Beim Bau der Kirche spielt der 21. September – der Geburtstag des damaligen Thronfolgers Ernst August – eine große Rolle. Die Grundsteinlegung 1859, das Richtfest 1861 und die Einweihung, die 1864 durch Konsistorialrat Gerhard Uhlhorn vorgenommen wurde, fanden sämtlich an diesem Jahrestag statt. Auch heute noch wird in der vorletzten Septemberwoche der jährliche Kirchengeburtstag gefeiert, meist in terminlicher Verbindung mit dem Tag des Offenen Denkmals.

Am 1. Mai 1884 wurde die Gemeinde der Apostelkirche als Tochtergemeinde der Christuskirche gegründet, da die Christuskirche für die damals 30.000 Gemeindemitglieder nicht mehr ausreichte.


Zerstörung und Wiederaufbau

Im Verlauf der Luftangriffe auf Hannover während des Zweiten Weltkriegs wurde die 1934 renovierte Kirche mehrmals schwer beschädigt. Der Innenraum mit dem hölzernen Kirchengestühl brannte 1943 vollständig aus. Ebenso Orgel, Orgelempore und der Glockenstuhl mit den drei mehr als 6 Tonnen schweren Stahlglocken, welche den Sturz aus über 20 m Höhe jedoch nahezu unbeschädigt überlebten.

Mit dem Wiederaufbau konnte wegen der wirtschaftlich schwierigen Nachkriegsjahre erst 1951 begonnen werden. Die erforderlichen Renovierungsmittel wurden aus Spenden von Gemeindegliedern, Mitteln der Landeskirche und Beiträgen aus dem neu gegründeten Kirchbauverein aufgebracht, so dass am Heiligabend 1953 erstmals wieder ein Gottesdienst stattfinden konnte.

Im selben Jahr wurde 1953 als städtebauliches Pendant am anderen Ende des Klagesmarktes das neungeschossige Gewerkschaftshaus des Deutschen Gewerkschaftsbundes Niedersachsen fertiggestellt.

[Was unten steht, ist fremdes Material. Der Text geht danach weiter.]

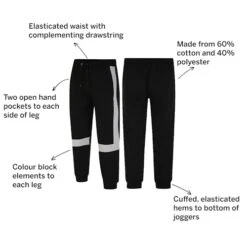 Bigdude Colour Block Joggers Black -Bigdude f2cff47d 119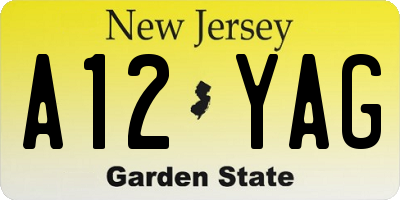 NJ license plate A12YAG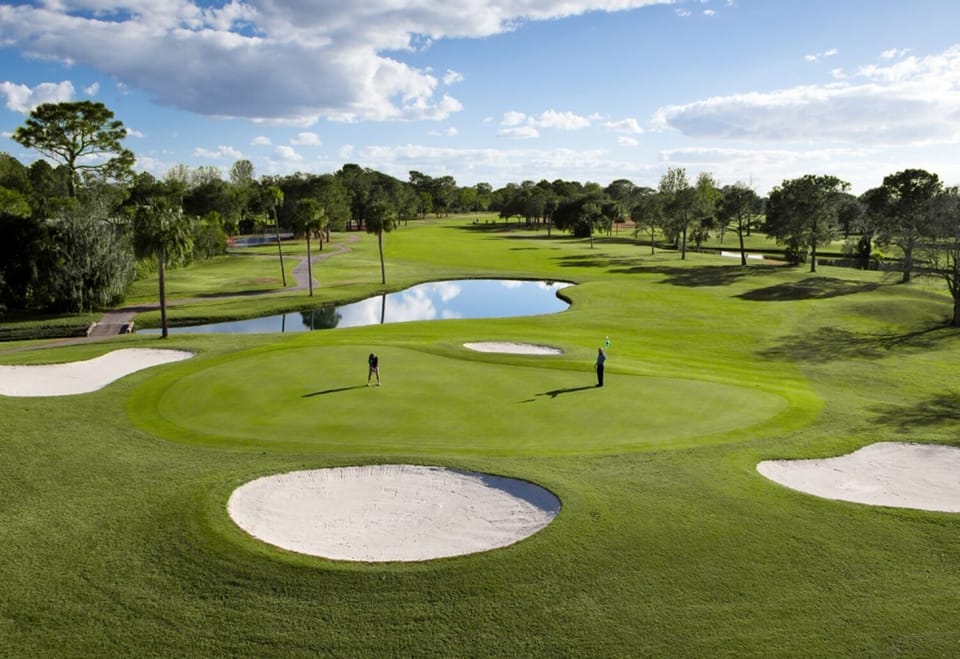 Tee off under wide-open skies on lush greens nearby.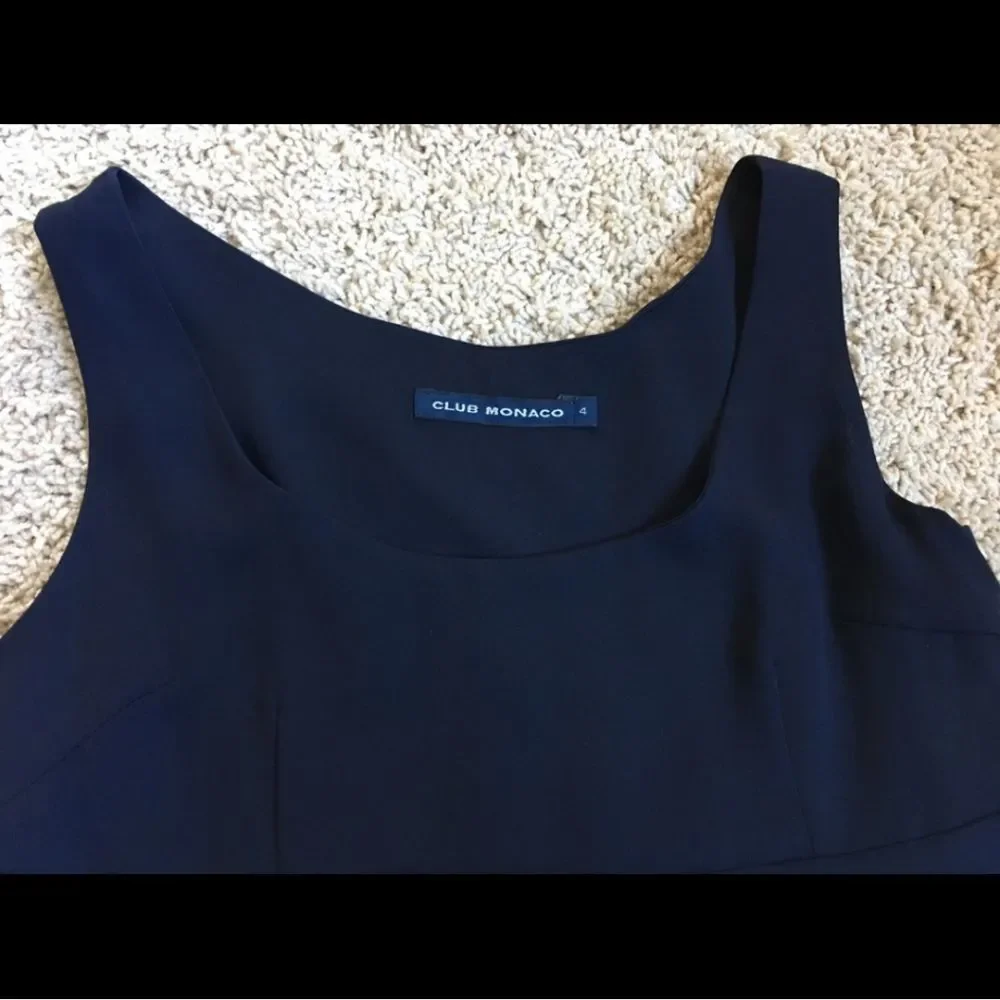 Club Monaco Deep Scoop Neck Empire Dress XS Navy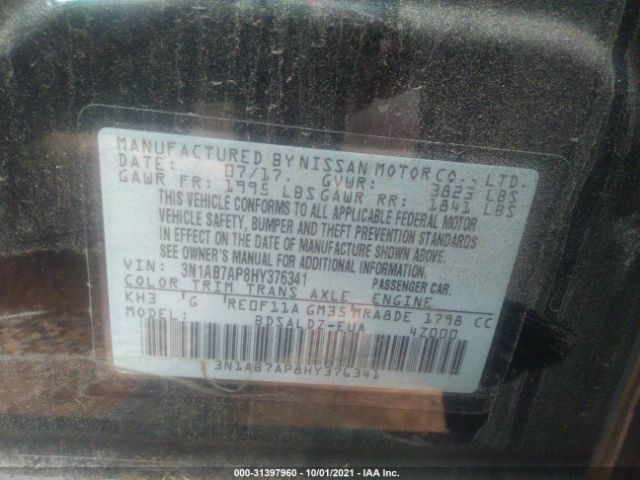 Photo 8 VIN: 3N1AB7AP8HY376341 - NISSAN SENTRA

Den Abschluss der nach dem Kriege durchgeführten Renovierungsarbeiten bildete der Einbau der neuen Orgel durch Orgelbaumeister Hillebrand. Sie konnte am 4. Advent 1958 eingeweiht werden. Das Schleifladen-Instrument hat 55 Register auf vier Manualen und Pedal. Die Trakturen sind mechanisch.

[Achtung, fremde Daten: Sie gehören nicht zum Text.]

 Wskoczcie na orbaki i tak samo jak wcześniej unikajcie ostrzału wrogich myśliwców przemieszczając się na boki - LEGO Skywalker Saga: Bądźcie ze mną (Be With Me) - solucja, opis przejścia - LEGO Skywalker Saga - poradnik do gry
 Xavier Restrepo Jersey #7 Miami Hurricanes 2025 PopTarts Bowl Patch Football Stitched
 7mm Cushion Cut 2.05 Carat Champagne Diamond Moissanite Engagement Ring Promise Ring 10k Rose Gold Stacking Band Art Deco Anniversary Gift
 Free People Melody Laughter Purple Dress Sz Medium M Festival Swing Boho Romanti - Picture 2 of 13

Vor allem aufgrund der schweren Kriegsschäden wird der kulturhistorisch wertvolle Bau seit Mitte der 1980er Jahre saniert. Den Anfang machte eine aufwendige Turmhelmsanierung über ein Außengerüst, welche 1988 abgeschlossen wurde. Es folgten mehrere Bauabschnitte zur Sanierung von Dach und Außenfassaden. Seit dem Abschluss der Arbeiten am polygonalen Kapellenkranz ist die Kirche wieder ohne Gerüst.


Expo 2000

Während der Expo 2000 machte die Diakonie die Christuskirche durch Veranstaltungen und Ausstellungen zur Diakoniekirche und brachte auf diese Weise soziale Themen in das Expo-Geschehen ein.

Zu Ehren ihres Erbauers wurde am 17. Juni 2007 der Kirchenvorplatz in Conrad-Wilhelm-Hase-Platz benannt.


Garten.Eden.Kirche

Vom 12. April bis 4. Oktober 2009 hat die Künstlerin Anne Nissen gemeinsam mit Landschaftsarchitekten die Christuskirche mitsamt dem sie umgebenden Conrad-Wilhelm-Hase-Platz temporär in einen Paradiesgarten (Garten.Eden.Kirche) verwandelt. Mehr als 50.000 Besucher besichtigten das Kunstprojekt, zu dem ein 32-seitiger Katalog erschien. Im Frühjahr 2010 wurden Spenden für die notwendige Innenrenovierung gesammelt.


Internationales Chorzentrum Hannover

Mit der Umgestaltung zum Internationalen Chorzentrum Hannover wird die Christuskirche ab 2013 ein komplett neues Innenleben erhalten. Das alte Kirchengestühl wurde bereits demontiert und nach Grodno/Weißrussland gespendet. Die reparaturbedürftige Orgel wurde ausgebaut und eingelagert. Als Nächstes werden Heizung und Technik erneuert. Nach dem Abschluss der Arbeiten im Turmbereich und Einbau mehrerer Probenräume wird der Mädchenchor Hannover als permanenter Mieter einziehen.